==== SOURCE DATA ====

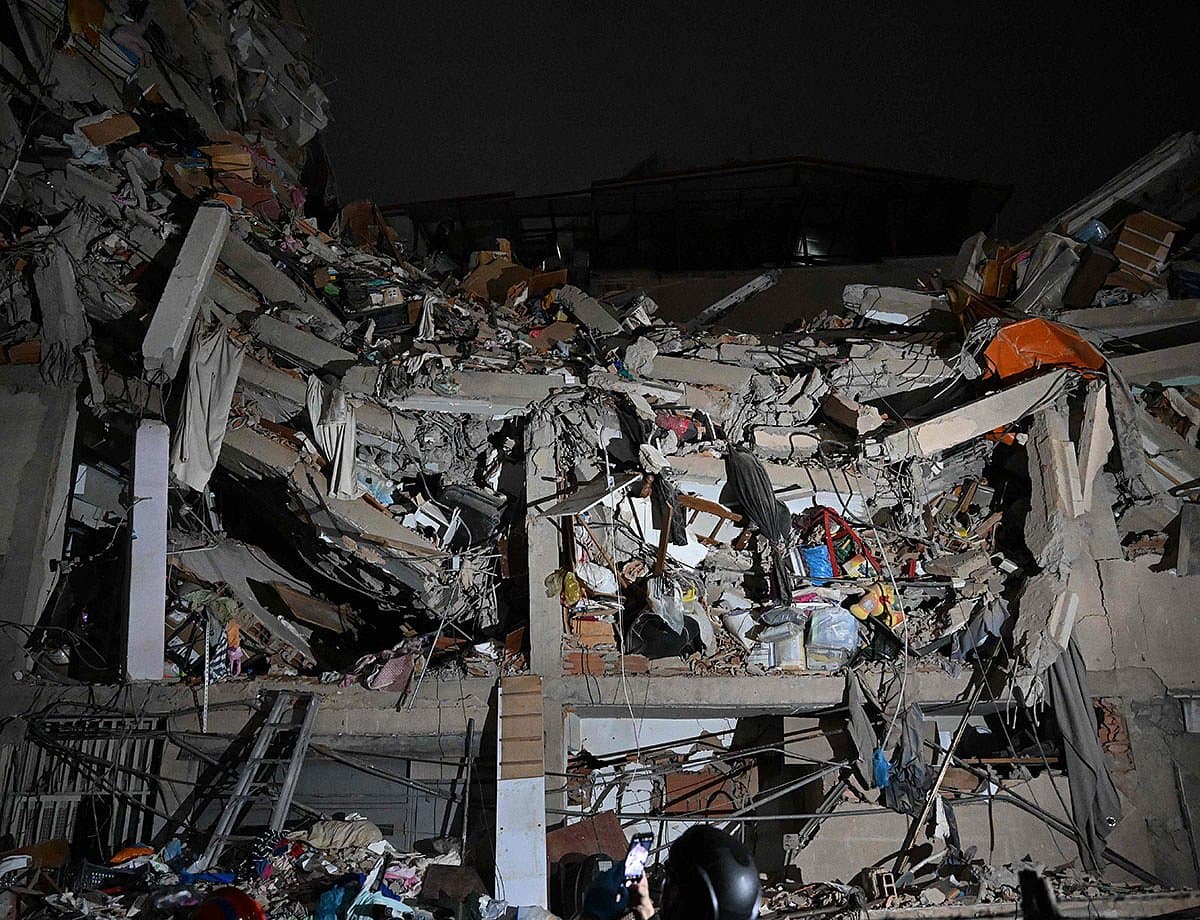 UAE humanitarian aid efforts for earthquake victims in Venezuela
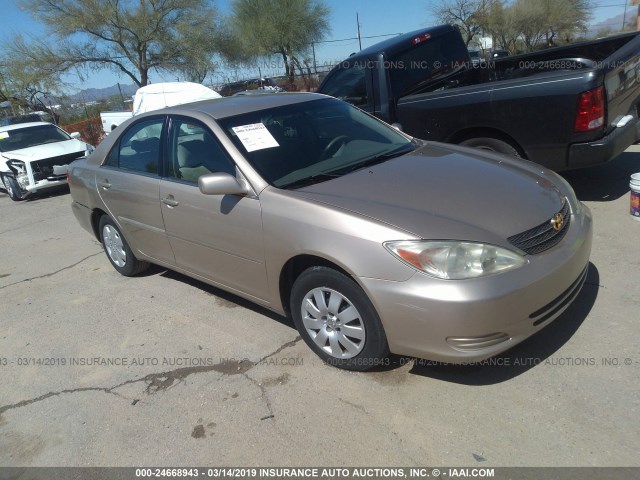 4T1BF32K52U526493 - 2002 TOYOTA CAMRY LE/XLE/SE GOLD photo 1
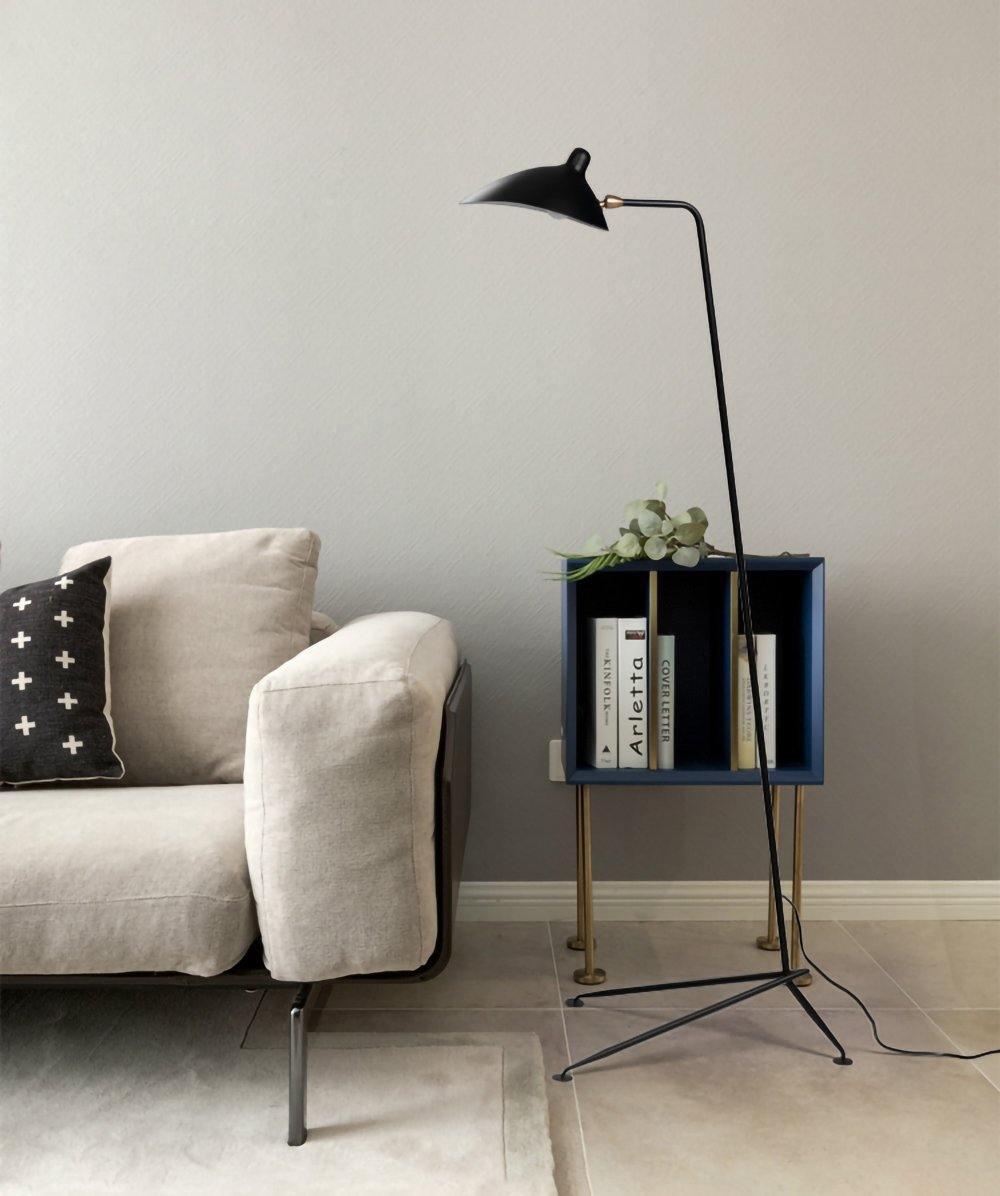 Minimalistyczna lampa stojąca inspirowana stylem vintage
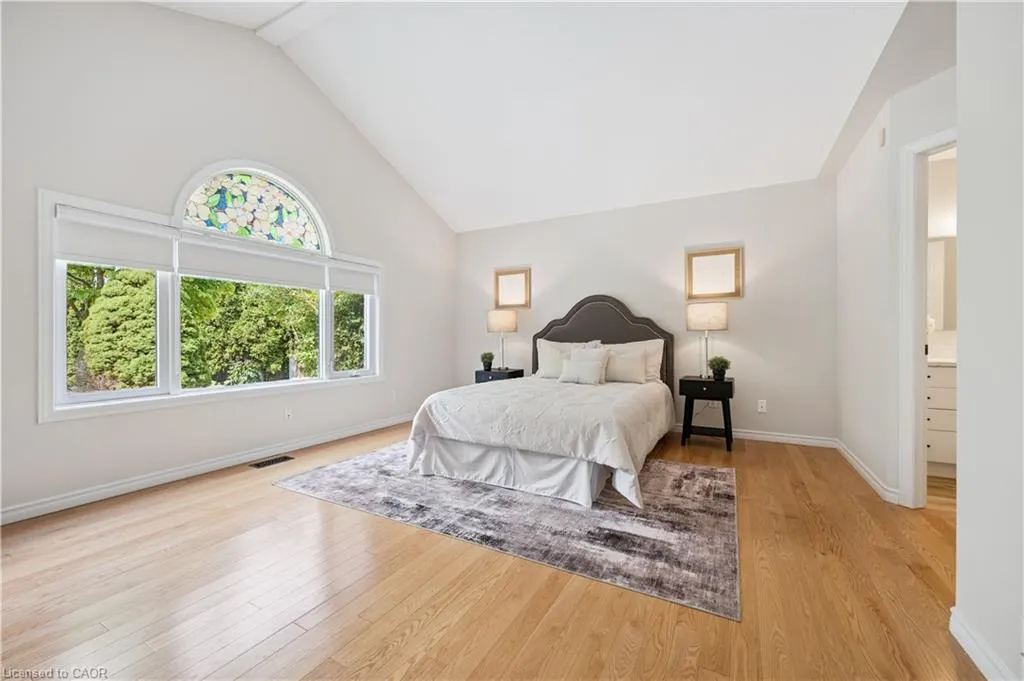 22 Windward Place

====

• AIM OF THE EXERCISE
Only the lines from the line with "4T1BF32K52U526493 - 2002" through the closing line of the data, both included, should be set down, exactly as written and without pictures.

• ANSWER TO THE EXERCISE
 4T1BF32K52U526493 - 2002 TOYOTA CAMRY LE/XLE/SE GOLD photo 1
 Minimalistyczna lampa stojąca inspirowana stylem vintage
 22 Windward Place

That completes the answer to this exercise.